Current conventional practices do not replace the humus, the organic matter, that is taken out of the ground with each crop -- things like wheat straw, which has been reduced in our current varieties, is never entirely given back to the soil in the form of compost. Current organic practices that merely take nutrients from one place and deposit it on the farms designated as organic are just as harmful to the earth as conventional practices. We need organic practices that rebuild the soil -- all of the soil. And we seem to be running out of time.
Jeavons makes one point well: " if we consume food that has been grown using methods that inadvertently deplete the soil in the growing process, then we are responsible for depleting the soil."
This, then, is the ethics of the bread you eat.
Now, one of the reasons I am a vegetarian (and there are several other reasons), is because I feel that it is the height of arrogance to assume that, since I can afford meat, I have the right to consume meat, when clearly much of the world is starving, cannot afford to eat meat, and the raising of "meatbeasts" (as Tuf would call them) for food is clearly wasteful of resources and detrimental to the planet. Eating organic grain, on the other hand, also has some of these problems: it is expensive, but just because I can afford it does not mean I have the right to consume it when clearly much of the world is starving and must eat conventionally grown wheat. However, here is the difference: when organic grain is grown, resources are conserved, and the planet is healed.
Resolved
And that is why I have come to this New Year's Resolution: I aim, this year, to source my grain organically as much as I can. Not because I feel it is nutritionally superior, or ultimately better for me (even though that seems to be a no-brainer, despite the studies to the contrary) -- but because it is better for the planet. Furthermore, I want to begin to grow my own grain, in my own backyard, if this is possible. I can't leave anything this important to our planet to the corporations who want to control it forever. I will have to begin to look into this more, at once. Currently I have one raised bed that I planted some rye seed in, in the fall. But I really don't know what I'm doing. I will have to learn more about it.

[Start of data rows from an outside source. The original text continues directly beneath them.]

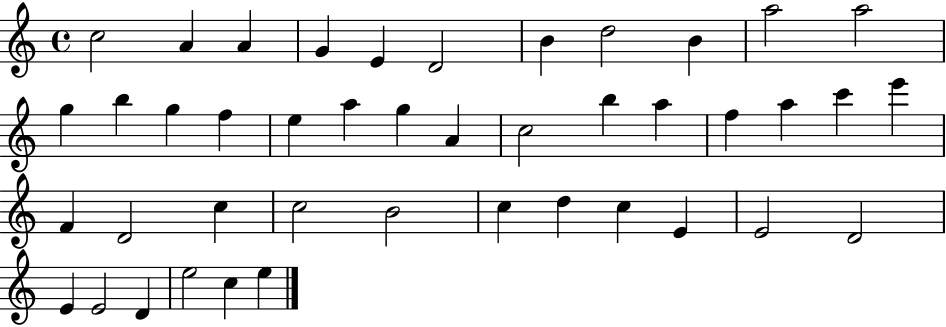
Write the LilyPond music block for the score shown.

{
  \clef treble
  \time 4/4
  \defaultTimeSignature
  \key c \major
  c''2 a'4 a'4 | g'4 e'4 d'2 | b'4 d''2 b'4 | a''2 a''2 | \break g''4 b''4 g''4 f''4 | e''4 a''4 g''4 a'4 | c''2 b''4 a''4 | f''4 a''4 c'''4 e'''4 | \break f'4 d'2 c''4 | c''2 b'2 | c''4 d''4 c''4 e'4 | e'2 d'2 | \break e'4 e'2 d'4 | e''2 c''4 e''4 | \bar "|."
} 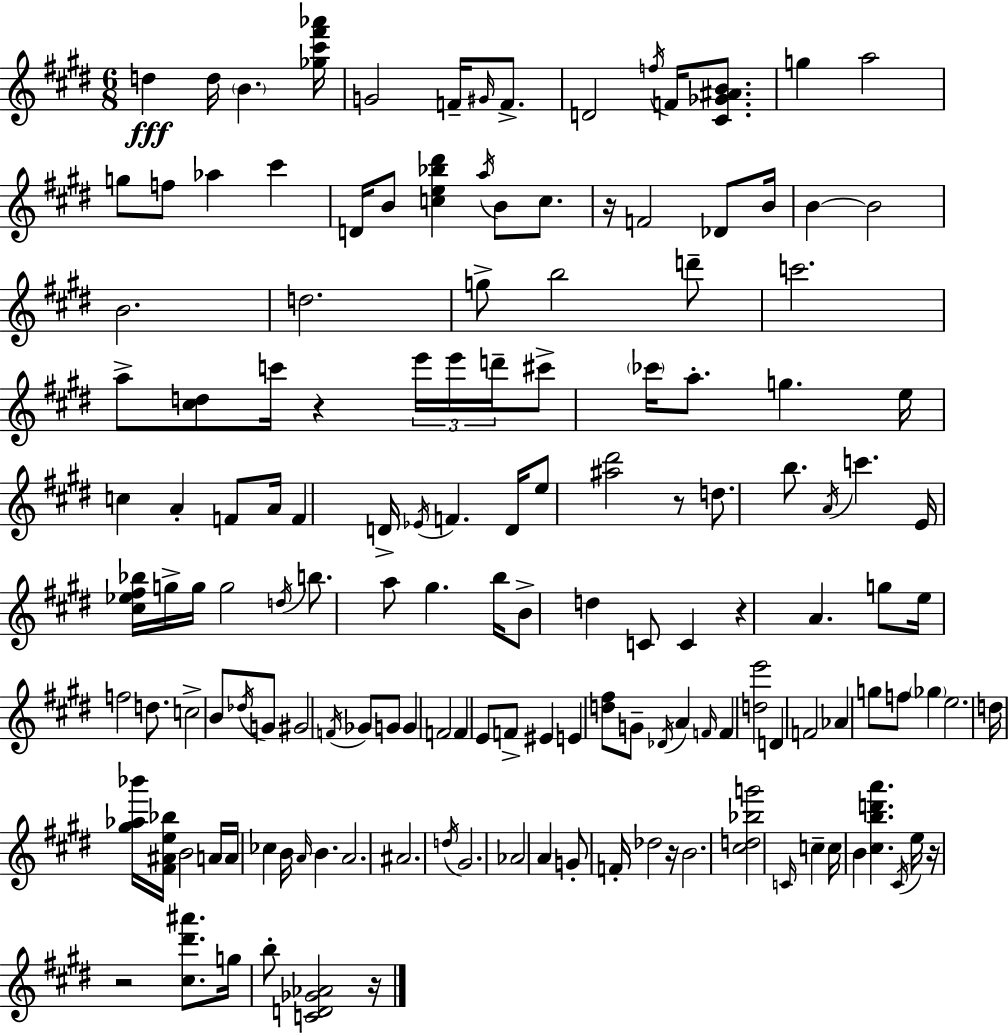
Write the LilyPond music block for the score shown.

{
  \clef treble
  \numericTimeSignature
  \time 6/8
  \key e \major
  d''4\fff d''16 \parenthesize b'4. <ges'' cis''' fis''' aes'''>16 | g'2 f'16-- \grace { gis'16 } f'8.-> | d'2 \acciaccatura { f''16 } f'16 <cis' ges' ais' b'>8. | g''4 a''2 | \break g''8 f''8 aes''4 cis'''4 | d'16 b'8 <c'' e'' bes'' dis'''>4 \acciaccatura { a''16 } b'8 | c''8. r16 f'2 | des'8 b'16 b'4~~ b'2 | \break b'2. | d''2. | g''8-> b''2 | d'''8-- c'''2. | \break a''8-> <cis'' d''>8 c'''16 r4 | \tuplet 3/2 { e'''16 e'''16 d'''16-- } cis'''8-> \parenthesize ces'''16 a''8.-. g''4. | e''16 c''4 a'4-. | f'8 a'16 f'4 d'16-> \acciaccatura { ees'16 } f'4. | \break d'16 e''8 <ais'' dis'''>2 | r8 d''8. b''8. \acciaccatura { a'16 } c'''4. | e'16 <cis'' ees'' fis'' bes''>16 g''16-> g''16 g''2 | \acciaccatura { d''16 } b''8. a''8 gis''4. | \break b''16 b'8-> d''4 | c'8 c'4 r4 a'4. | g''8 e''16 f''2 | d''8. c''2-> | \break b'8 \acciaccatura { des''16 } g'8 gis'2 | \acciaccatura { f'16 } ges'8 g'8 g'4 | f'2 f'4 | e'8 f'8-> eis'4 e'4 | \break <d'' fis''>8 g'8-- \acciaccatura { des'16 } a'4 \grace { f'16 } f'4 | <d'' e'''>2 d'4 | f'2 aes'4 | g''8 f''8 \parenthesize ges''4 e''2. | \break d''16 <gis'' aes'' bes'''>16 | <fis' ais' e'' bes''>16 b'2 a'16 a'16 ces''4 | b'16 \grace { a'16 } b'4. a'2. | ais'2. | \break \acciaccatura { d''16 } | gis'2. | aes'2 a'4 | g'8-. f'16-. des''2 r16 | \break b'2. | <cis'' d'' bes'' g'''>2 \grace { c'16 } c''4-- | c''16 b'4 <cis'' b'' d''' a'''>4. | \acciaccatura { cis'16 } e''16 r16 r2 <cis'' dis''' ais'''>8. | \break g''16 b''8-. <c' d' ges' aes'>2 | r16 \bar "|."
} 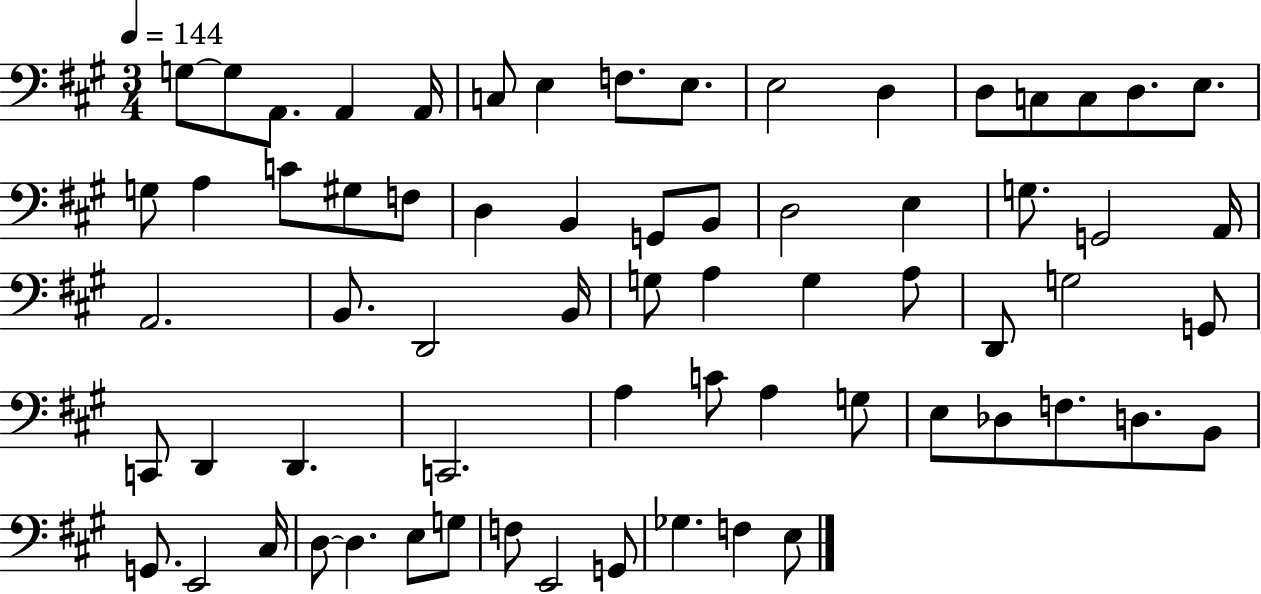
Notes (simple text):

G3/e G3/e A2/e. A2/q A2/s C3/e E3/q F3/e. E3/e. E3/h D3/q D3/e C3/e C3/e D3/e. E3/e. G3/e A3/q C4/e G#3/e F3/e D3/q B2/q G2/e B2/e D3/h E3/q G3/e. G2/h A2/s A2/h. B2/e. D2/h B2/s G3/e A3/q G3/q A3/e D2/e G3/h G2/e C2/e D2/q D2/q. C2/h. A3/q C4/e A3/q G3/e E3/e Db3/e F3/e. D3/e. B2/e G2/e. E2/h C#3/s D3/e D3/q. E3/e G3/e F3/e E2/h G2/e Gb3/q. F3/q E3/e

I am aware that grains are a lot of work to clean and mill, however. I'm going to have to look at ways to do this, too -- ways that work for a small householder such as myself. I doubt whether I can grow enough grain to be self sufficient in it, but I am hoping that my attempts might even improve my own sandy backyard garden soil.
We shall see. LIke most New Years resolutions, I suspect I just might have some trouble following through with this one. Wish me luck.
Notes to Myself
- ** One of the other interesting points of this article: it is very difficult for organic farmers to obtain quality organically certified seed. The certification process is very difficult. Seed stock has disease problems, especially if it is grown and kept using organic methods. We are currently in a rather strange position where the so-called "conventional" farming methods are in fact subsidizing the so-called "organic" farming methods.
- I wonder if fermenting quinoa would improve its taste somewhat.